--- START ---

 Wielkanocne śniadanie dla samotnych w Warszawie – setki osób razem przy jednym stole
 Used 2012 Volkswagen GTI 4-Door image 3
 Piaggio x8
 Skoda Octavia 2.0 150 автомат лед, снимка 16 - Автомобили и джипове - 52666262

--- END ---
--- START ---

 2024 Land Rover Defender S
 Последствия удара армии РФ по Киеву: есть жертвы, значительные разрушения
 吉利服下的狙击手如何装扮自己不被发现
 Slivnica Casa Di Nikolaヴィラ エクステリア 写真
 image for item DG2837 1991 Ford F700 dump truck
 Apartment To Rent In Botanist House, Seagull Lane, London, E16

--- END ---
--- START ---

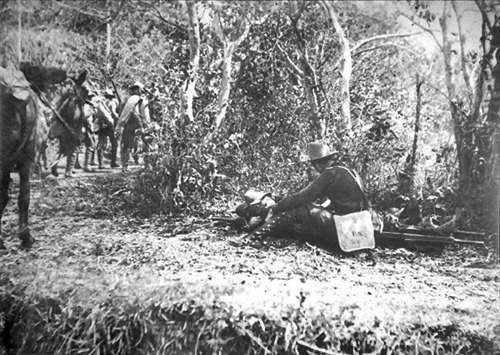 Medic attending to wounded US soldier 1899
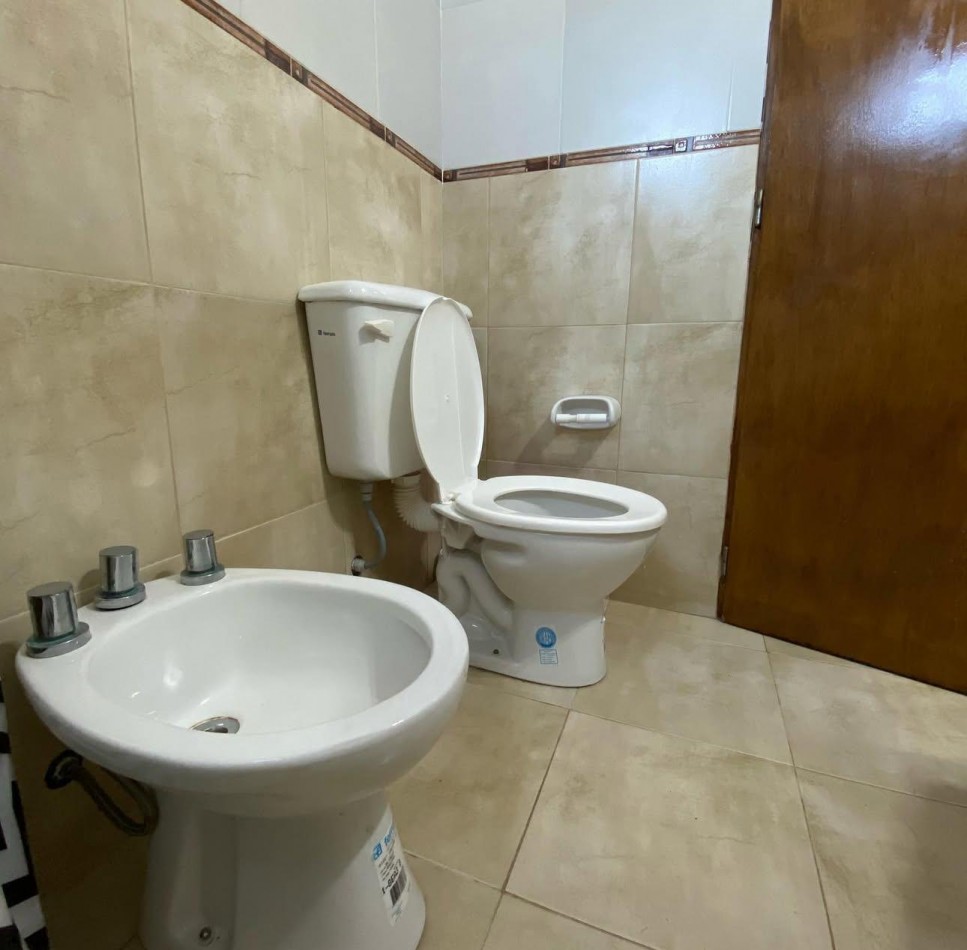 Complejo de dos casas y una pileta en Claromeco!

--- END ---

**EXERCISE**
The entries above hold a line with "Wielkanocne śniadanie dla" and a later line with "Skoda Octavia 2.0". Write out exactly those lines and all lines between, nothing more.

**RESPONSE TO THE EXERCISE**
 Wielkanocne śniadanie dla samotnych w Warszawie – setki osób razem przy jednym stole
 Used 2012 Volkswagen GTI 4-Door image 3
 Piaggio x8
 Skoda Octavia 2.0 150 автомат лед, снимка 16 - Автомобили и джипове - 52666262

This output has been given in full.